**Data segment:**
──────

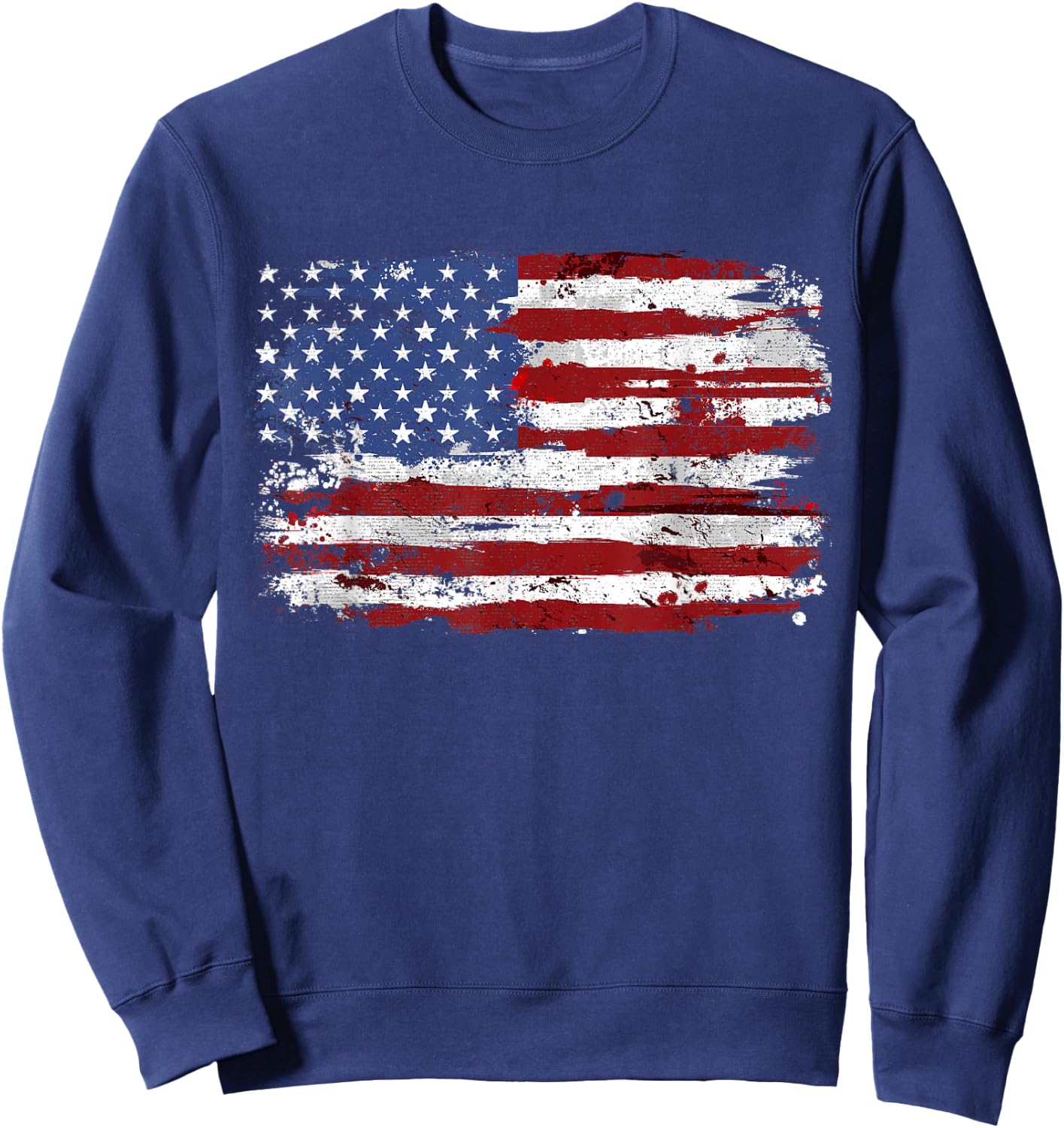 American Flag USA United States of America US 4th of July Sweatshirt - Sweatshirt | Navy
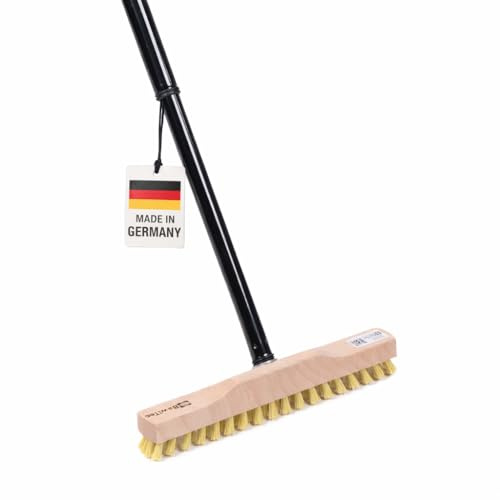 Rheinischer Wischer Kompakter Schrubber 28cm mit Teleskopstiel Stiel 130cm | Leichte und Schmale Form, MyprenFibre-Borsten, Metall-Telestiel stufenlos ausziehbar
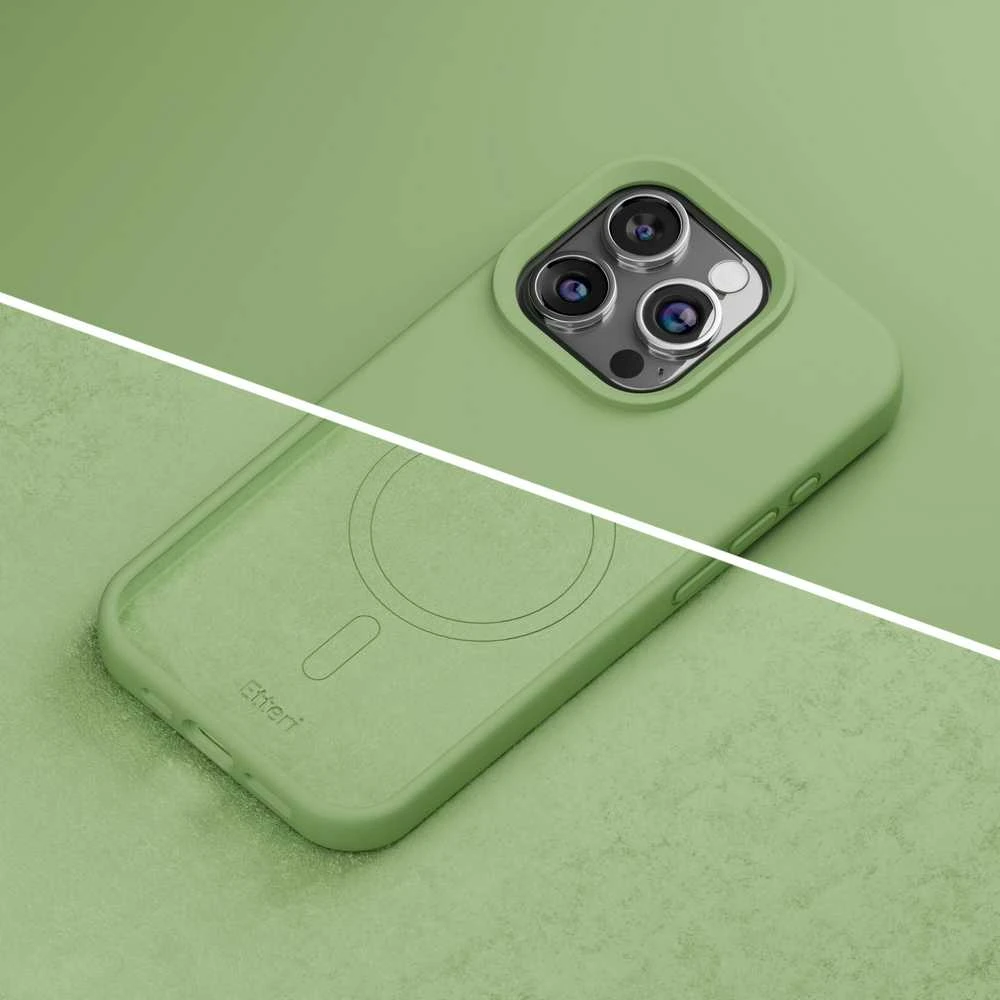 Dėklas Telforceone Etteri Silicone Mag Apple iPhone 15 Pro Max 6,7" šviesiai žalios spalvos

──────

**Your assignment:** Please give back the material above exactly as written, pictures omitted.

**Exercise output:**
 American Flag USA United States of America US 4th of July Sweatshirt - Sweatshirt | Navy
 Rheinischer Wischer Kompakter Schrubber 28cm mit Teleskopstiel Stiel 130cm | Leichte und Schmale Form, MyprenFibre-Borsten, Metall-Telestiel stufenlos ausziehbar
 Dėklas Telforceone Etteri Silicone Mag Apple iPhone 15 Pro Max 6,7" šviesiai žalios spalvos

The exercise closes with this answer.